** ACTIVITY **
Your answer should be a single number: the count of lines in the records below containing the word "image".

SOURCE RECORDS section start

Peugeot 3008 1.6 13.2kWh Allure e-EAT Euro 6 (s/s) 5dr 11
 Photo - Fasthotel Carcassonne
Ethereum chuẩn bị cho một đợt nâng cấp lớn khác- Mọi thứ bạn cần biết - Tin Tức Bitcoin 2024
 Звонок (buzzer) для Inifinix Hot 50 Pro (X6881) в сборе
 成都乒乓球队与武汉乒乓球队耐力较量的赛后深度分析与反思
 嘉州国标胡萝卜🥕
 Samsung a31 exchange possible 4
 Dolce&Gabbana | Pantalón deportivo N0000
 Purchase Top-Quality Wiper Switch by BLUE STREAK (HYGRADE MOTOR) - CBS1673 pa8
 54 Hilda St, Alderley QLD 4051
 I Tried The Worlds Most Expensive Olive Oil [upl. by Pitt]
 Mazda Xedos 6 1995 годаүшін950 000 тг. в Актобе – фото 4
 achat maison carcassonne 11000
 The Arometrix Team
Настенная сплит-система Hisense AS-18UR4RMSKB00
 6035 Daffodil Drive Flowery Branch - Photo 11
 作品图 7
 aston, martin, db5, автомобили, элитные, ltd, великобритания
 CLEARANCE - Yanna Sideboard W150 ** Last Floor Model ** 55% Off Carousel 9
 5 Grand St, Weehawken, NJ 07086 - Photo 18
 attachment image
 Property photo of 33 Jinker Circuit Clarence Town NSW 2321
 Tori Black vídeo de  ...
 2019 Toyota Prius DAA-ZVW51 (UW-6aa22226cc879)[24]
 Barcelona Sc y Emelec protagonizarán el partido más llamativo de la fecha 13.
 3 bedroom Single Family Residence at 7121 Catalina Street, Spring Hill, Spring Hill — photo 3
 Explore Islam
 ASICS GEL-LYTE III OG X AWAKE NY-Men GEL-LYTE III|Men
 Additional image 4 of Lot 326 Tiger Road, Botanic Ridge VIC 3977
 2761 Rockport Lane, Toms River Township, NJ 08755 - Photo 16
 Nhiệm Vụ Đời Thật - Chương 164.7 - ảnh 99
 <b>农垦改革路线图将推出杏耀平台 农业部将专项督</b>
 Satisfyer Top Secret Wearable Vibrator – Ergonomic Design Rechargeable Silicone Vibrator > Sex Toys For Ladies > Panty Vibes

SOURCE RECORDS section end

** ANSWER FOR THIS EXERCISE **
2